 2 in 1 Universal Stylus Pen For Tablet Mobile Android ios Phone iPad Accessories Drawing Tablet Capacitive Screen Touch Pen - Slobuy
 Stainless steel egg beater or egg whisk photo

==

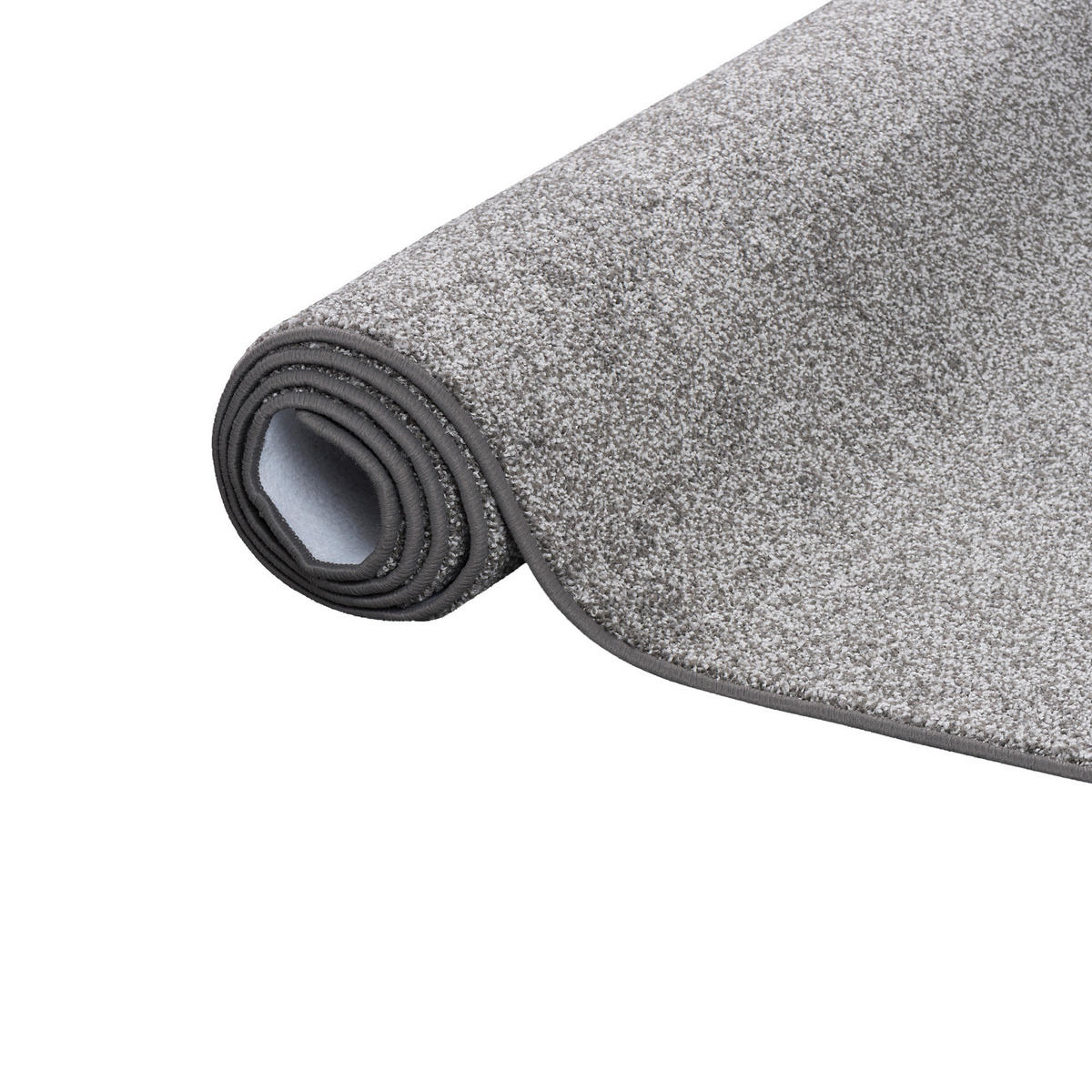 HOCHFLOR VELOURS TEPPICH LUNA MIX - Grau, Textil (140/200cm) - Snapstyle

==

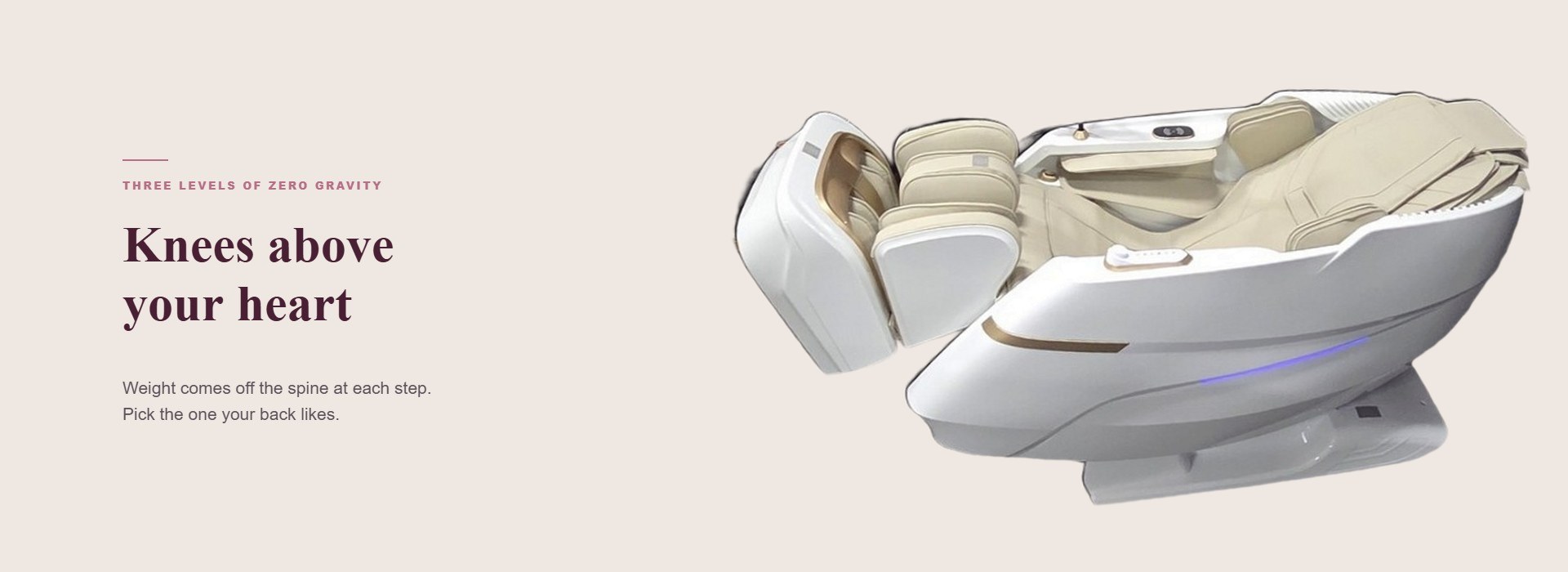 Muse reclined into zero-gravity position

#### [ACTIVITY]
Please copy the lines above from the line with "2 in 1 Universal" up to and including the line with "Stainless steel egg", exactly as written and with nothing else.

#### [THE COMPLETED TASK]
 2 in 1 Universal Stylus Pen For Tablet Mobile Android ios Phone iPad Accessories Drawing Tablet Capacitive Screen Touch Pen - Slobuy
 Stainless steel egg beater or egg whisk photo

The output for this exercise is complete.